→ **PROBLEM TO SOLVE**: From the first line to the last, write out the material exactly.

• • • •

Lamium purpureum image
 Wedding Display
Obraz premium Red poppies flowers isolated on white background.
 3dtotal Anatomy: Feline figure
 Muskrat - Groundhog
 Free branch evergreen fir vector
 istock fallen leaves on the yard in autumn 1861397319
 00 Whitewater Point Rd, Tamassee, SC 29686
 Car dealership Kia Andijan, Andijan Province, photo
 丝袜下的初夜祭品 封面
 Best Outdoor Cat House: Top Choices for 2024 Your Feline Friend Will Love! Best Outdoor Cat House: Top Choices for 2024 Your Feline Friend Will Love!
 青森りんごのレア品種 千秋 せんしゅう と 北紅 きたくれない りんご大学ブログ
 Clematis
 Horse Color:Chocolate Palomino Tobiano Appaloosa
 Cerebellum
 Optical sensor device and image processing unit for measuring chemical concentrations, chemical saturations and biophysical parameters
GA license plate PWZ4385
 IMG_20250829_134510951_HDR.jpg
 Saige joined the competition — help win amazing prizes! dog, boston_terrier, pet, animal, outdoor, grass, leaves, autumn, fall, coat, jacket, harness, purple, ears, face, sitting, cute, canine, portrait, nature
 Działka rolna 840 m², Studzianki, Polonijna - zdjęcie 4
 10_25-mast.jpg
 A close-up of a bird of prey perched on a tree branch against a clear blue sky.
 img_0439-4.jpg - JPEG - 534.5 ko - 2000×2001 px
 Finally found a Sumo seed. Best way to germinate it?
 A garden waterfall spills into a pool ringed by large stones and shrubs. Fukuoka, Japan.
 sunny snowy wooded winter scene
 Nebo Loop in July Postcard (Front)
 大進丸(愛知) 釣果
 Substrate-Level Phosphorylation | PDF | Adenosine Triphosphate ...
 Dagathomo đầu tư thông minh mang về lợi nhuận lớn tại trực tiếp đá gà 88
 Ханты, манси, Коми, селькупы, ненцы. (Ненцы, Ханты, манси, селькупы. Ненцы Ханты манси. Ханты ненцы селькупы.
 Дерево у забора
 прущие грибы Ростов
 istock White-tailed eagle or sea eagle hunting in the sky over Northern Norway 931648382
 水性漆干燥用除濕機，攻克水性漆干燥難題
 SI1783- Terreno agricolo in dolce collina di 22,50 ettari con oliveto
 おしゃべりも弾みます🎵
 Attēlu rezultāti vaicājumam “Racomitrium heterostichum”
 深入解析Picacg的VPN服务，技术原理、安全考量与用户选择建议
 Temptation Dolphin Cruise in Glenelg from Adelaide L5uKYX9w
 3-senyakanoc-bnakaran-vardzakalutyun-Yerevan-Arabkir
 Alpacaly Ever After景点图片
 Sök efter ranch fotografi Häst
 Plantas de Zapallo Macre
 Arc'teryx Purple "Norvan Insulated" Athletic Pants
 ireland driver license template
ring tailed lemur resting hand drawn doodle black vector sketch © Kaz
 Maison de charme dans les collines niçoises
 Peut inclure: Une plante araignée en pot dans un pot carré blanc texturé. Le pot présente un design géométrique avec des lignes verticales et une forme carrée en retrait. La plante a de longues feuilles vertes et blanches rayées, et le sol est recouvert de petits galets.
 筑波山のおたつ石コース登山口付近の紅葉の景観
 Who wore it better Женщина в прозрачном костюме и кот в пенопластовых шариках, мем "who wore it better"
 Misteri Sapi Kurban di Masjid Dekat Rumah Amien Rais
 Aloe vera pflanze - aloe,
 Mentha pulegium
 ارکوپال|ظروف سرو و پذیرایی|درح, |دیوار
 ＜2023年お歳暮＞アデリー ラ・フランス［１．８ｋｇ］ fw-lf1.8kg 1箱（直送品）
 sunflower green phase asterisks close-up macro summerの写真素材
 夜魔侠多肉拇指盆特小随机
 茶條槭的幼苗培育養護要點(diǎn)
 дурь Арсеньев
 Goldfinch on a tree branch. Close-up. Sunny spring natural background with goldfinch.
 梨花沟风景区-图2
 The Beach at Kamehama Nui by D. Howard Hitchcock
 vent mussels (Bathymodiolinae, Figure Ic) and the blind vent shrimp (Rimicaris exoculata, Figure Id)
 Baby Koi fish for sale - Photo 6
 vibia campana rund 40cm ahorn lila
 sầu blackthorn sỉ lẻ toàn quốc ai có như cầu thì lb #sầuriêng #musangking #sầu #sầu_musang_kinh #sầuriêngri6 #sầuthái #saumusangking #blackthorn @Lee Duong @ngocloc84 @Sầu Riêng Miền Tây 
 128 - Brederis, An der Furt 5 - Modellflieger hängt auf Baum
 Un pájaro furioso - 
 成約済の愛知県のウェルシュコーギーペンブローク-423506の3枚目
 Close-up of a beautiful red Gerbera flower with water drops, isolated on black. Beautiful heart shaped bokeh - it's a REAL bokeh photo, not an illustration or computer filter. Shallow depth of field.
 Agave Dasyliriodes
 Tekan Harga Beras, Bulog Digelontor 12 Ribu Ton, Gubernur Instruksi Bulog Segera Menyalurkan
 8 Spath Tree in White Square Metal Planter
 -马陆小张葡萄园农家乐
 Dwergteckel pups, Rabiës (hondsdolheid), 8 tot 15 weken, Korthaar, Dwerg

• • • •

→ **RESULT FOR THIS TASK**:
Lamium purpureum image
 Wedding Display
Obraz premium Red poppies flowers isolated on white background.
 3dtotal Anatomy: Feline figure
 Muskrat - Groundhog
 Free branch evergreen fir vector
 istock fallen leaves on the yard in autumn 1861397319
 00 Whitewater Point Rd, Tamassee, SC 29686
 Car dealership Kia Andijan, Andijan Province, photo
 丝袜下的初夜祭品 封面
 Best Outdoor Cat House: Top Choices for 2024 Your Feline Friend Will Love! Best Outdoor Cat House: Top Choices for 2024 Your Feline Friend Will Love!
 青森りんごのレア品種 千秋 せんしゅう と 北紅 きたくれない りんご大学ブログ
 Clematis
 Horse Color:Chocolate Palomino Tobiano Appaloosa
 Cerebellum
 Optical sensor device and image processing unit for measuring chemical concentrations, chemical saturations and biophysical parameters
GA license plate PWZ4385
 IMG_20250829_134510951_HDR.jpg
 Saige joined the competition — help win amazing prizes! dog, boston_terrier, pet, animal, outdoor, grass, leaves, autumn, fall, coat, jacket, harness, purple, ears, face, sitting, cute, canine, portrait, nature
 Działka rolna 840 m², Studzianki, Polonijna - zdjęcie 4
 10_25-mast.jpg
 A close-up of a bird of prey perched on a tree branch against a clear blue sky.
 img_0439-4.jpg - JPEG - 534.5 ko - 2000×2001 px
 Finally found a Sumo seed. Best way to germinate it?
 A garden waterfall spills into a pool ringed by large stones and shrubs. Fukuoka, Japan.
 sunny snowy wooded winter scene
 Nebo Loop in July Postcard (Front)
 大進丸(愛知) 釣果
 Substrate-Level Phosphorylation | PDF | Adenosine Triphosphate ...
 Dagathomo đầu tư thông minh mang về lợi nhuận lớn tại trực tiếp đá gà 88
 Ханты, манси, Коми, селькупы, ненцы. (Ненцы, Ханты, манси, селькупы. Ненцы Ханты манси. Ханты ненцы селькупы.
 Дерево у забора
 прущие грибы Ростов
 istock White-tailed eagle or sea eagle hunting in the sky over Northern Norway 931648382
 水性漆干燥用除濕機，攻克水性漆干燥難題
 SI1783- Terreno agricolo in dolce collina di 22,50 ettari con oliveto
 おしゃべりも弾みます🎵
 Attēlu rezultāti vaicājumam “Racomitrium heterostichum”
 深入解析Picacg的VPN服务，技术原理、安全考量与用户选择建议
 Temptation Dolphin Cruise in Glenelg from Adelaide L5uKYX9w
 3-senyakanoc-bnakaran-vardzakalutyun-Yerevan-Arabkir
 Alpacaly Ever After景点图片
 Sök efter ranch fotografi Häst
 Plantas de Zapallo Macre
 Arc'teryx Purple "Norvan Insulated" Athletic Pants
 ireland driver license template
ring tailed lemur resting hand drawn doodle black vector sketch © Kaz
 Maison de charme dans les collines niçoises
 Peut inclure: Une plante araignée en pot dans un pot carré blanc texturé. Le pot présente un design géométrique avec des lignes verticales et une forme carrée en retrait. La plante a de longues feuilles vertes et blanches rayées, et le sol est recouvert de petits galets.
 筑波山のおたつ石コース登山口付近の紅葉の景観
 Who wore it better Женщина в прозрачном костюме и кот в пенопластовых шариках, мем "who wore it better"
 Misteri Sapi Kurban di Masjid Dekat Rumah Amien Rais
 Aloe vera pflanze - aloe,
 Mentha pulegium
 ارکوپال|ظروف سرو و پذیرایی|درح, |دیوار
 ＜2023年お歳暮＞アデリー ラ・フランス［１．８ｋｇ］ fw-lf1.8kg 1箱（直送品）
 sunflower green phase asterisks close-up macro summerの写真素材
 夜魔侠多肉拇指盆特小随机
 茶條槭的幼苗培育養護要點(diǎn)
 дурь Арсеньев
 Goldfinch on a tree branch. Close-up. Sunny spring natural background with goldfinch.
 梨花沟风景区-图2
 The Beach at Kamehama Nui by D. Howard Hitchcock
 vent mussels (Bathymodiolinae, Figure Ic) and the blind vent shrimp (Rimicaris exoculata, Figure Id)
 Baby Koi fish for sale - Photo 6
 vibia campana rund 40cm ahorn lila
 sầu blackthorn sỉ lẻ toàn quốc ai có như cầu thì lb #sầuriêng #musangking #sầu #sầu_musang_kinh #sầuriêngri6 #sầuthái #saumusangking #blackthorn @Lee Duong @ngocloc84 @Sầu Riêng Miền Tây 
 128 - Brederis, An der Furt 5 - Modellflieger hängt auf Baum
 Un pájaro furioso - 
 成約済の愛知県のウェルシュコーギーペンブローク-423506の3枚目
 Close-up of a beautiful red Gerbera flower with water drops, isolated on black. Beautiful heart shaped bokeh - it's a REAL bokeh photo, not an illustration or computer filter. Shallow depth of field.
 Agave Dasyliriodes
 Tekan Harga Beras, Bulog Digelontor 12 Ribu Ton, Gubernur Instruksi Bulog Segera Menyalurkan
 8 Spath Tree in White Square Metal Planter
 -马陆小张葡萄园农家乐
 Dwergteckel pups, Rabiës (hondsdolheid), 8 tot 15 weken, Korthaar, Dwerg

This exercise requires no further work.